Ms. Berner's plans also, first and foremost, involved assembling her team. Every top post that Ms. Berner has held--as VP-publisher of Glamour and senior VP-publisher of TV Guide--has been intricately linked to a core team of executives who help her make decisions.

"Ultimately, every decision is mine and the responsibility is mine. But if I'm making the right decision, it's come out of the collaboration; and it's very clear to everyone that this is the direction we should go in," Ms. Berner explained.


Her core team at Fairchild currently numbers 10, with two more expected to be named in upcoming weeks--a director of human resources and a head for the newly formed Internet division. The group is a near-even mix of Fairchild veterans and new faces

Mr. McCarthy is truly Ms. Berner's counterpart at the company.

"We absolutely complement each other's skill set," Ms. Berner said. "I don't want to have anything to do with editorial and he doesn't want to have anything to do with the business side."

An example of her collaborative decision-making process involved Details. When the idea to transfer the monthly to Fairchild was first floated by James Truman, editorial director at Conde Nast, Ms. Berner told Mr. McCarthy to go off and put together some editorial ideas about whether they should take on the title. She would look at the business side perspective, and only then would they compare thoughts and see if they were of one mind. "We were completely in sync. Independently, we had come up with an almost identical plan for how Details would fit into Fairchild and why we should do it," Ms. Berner said.

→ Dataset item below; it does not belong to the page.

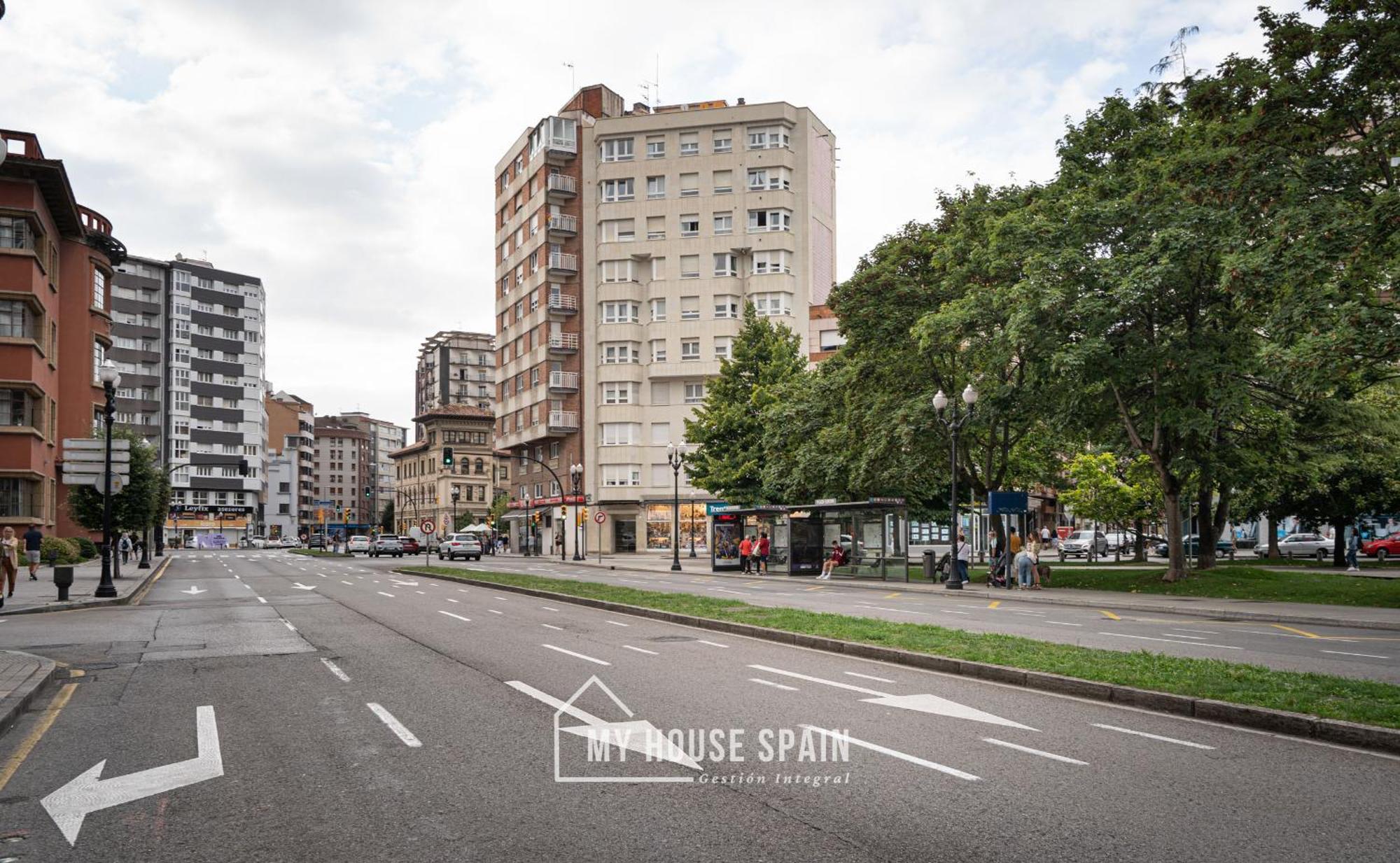 Amplio apartamento con vistas en pleno centro Gijón Exterior foto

Other longtime Fairchild executives who now counsel Ms. Berner include Stephanie George, named to the new position of president, WWD Worldwide Group; Lisa Phillips, senior VP-operations, WWD/Consumer manager; Paul White, VP-senior business manager; and John Condon, chief financial officer.

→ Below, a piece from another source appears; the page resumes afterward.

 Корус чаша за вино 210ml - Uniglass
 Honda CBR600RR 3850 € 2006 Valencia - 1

New Fairchild faces include Eva Dillon, formerly of Glamour, now publisher of Jane; Beth Tighe, also from Glamour, now executive marketing director; Lee Jones, former publisher of Entrepreneur, now exec VP-trade division; Susan Blank, former publisher of Mirabella, now publisher of W; and David Orlin, senior VP-operations, formerly of Conde Nast.

Ms. Berner also has alerted the media mergers and acquisitions world that she would be willing to shop for some new properties that fit in with Fairchild's retail and fashion sensibilities. Properties that don't fit, such as a gift market trade show, will be sold off.

The company will even begin running a trade campaign in its own titles with a tagline that reflects Ms. Berner's enthusiasm for her new job: "Fairchild first."